Re: [PATCH v3 08/26] x86/virt/seamldr: Retrieve P-SEAMLDR information
From: Dave Hansen
Date: Fri Jan 30 2026 - 11:35:28 EST
On 1/29/26 20:01, Xu Yilun wrote:
>> I'd also prefer a
>>
>> BUILD_BUG_ON(sizeof(struct seamldr_info) != 2048);
> ^
> BUILD_BUG_ON(sizeof(struct seamldr_info) != 256); is it?
Whatever the documentation says. I might have been looking at the
seamldr_seaminfo.
>> just as a sanity check. It doesn't cost anything and it makes sure that
>> as you muck around with reserved fields and padding that there's at
>> least one check making sure it's OK.
>
> And I recently received a comments that "never __packed for naturally
> aligned structures cause it leads to bad generated code and hurts
> performance", but I really want to highlight nearby it is for a
> formatted binary blob, so:
>
> struct seamldr_info {
> u32 version;
> u32 attributes;
> u32 vendor_id;
> u32 build_date;
> u16 build_num;
> u16 minor_version;
> u16 major_version;
> u16 update_version;
> u8 reserved0[4];
> u32 num_remaining_updates;
> u8 reserved1[224];
> }; //delete __packed here
>
> static_assert(sizeof(struct seamldr_info) == 256);
>
> Is it better?
I'm pretty sure __packed is used all over the place.
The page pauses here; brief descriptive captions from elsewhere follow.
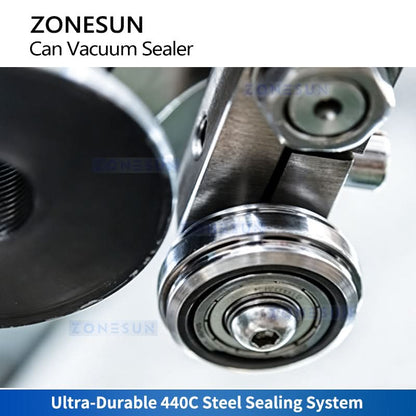 ZONESUN ZS-AFK400 Semi-Automatic Vacuum Nitrogen Can Seamer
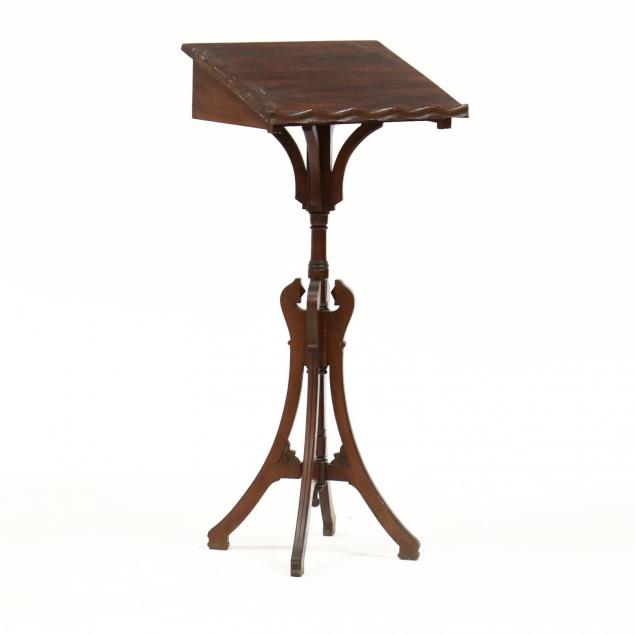 victorian-carved-walnut-lectern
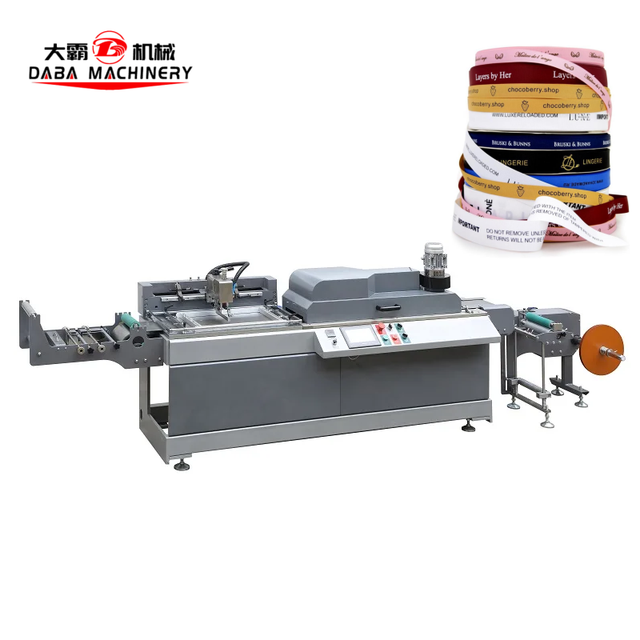 Automatic Single Color Silk Screen Label Printing Machine for Satin Ribbon Elastic Cotton Label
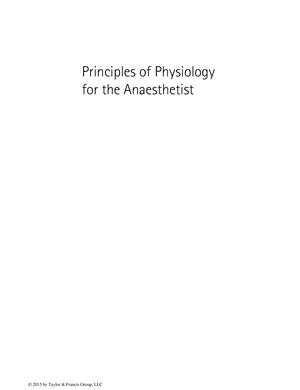 7.-Principles Of Physiology For The Anaesthetist 3rd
I'd be shocked if access to a __packed structure generated different
code than a non-packed one for the same layout. But it wouldn't be the
first time I was shocked by a compiler.
I think you might be confusing the fact that access to unaligned data
can really stink on some architectures. The code generation for *that*
can be garbage. But not on x86 really and not for data that's already
naturally aligned.
Plus, *this* data structure is far, far from being performance sensitive
anyway. So it doubly or triply doesn't matter here.
If nothing else, __packed is a good indicator that WYSIWYG for structure
layout because it's an ABI. I honestly don't see a lot of downsides.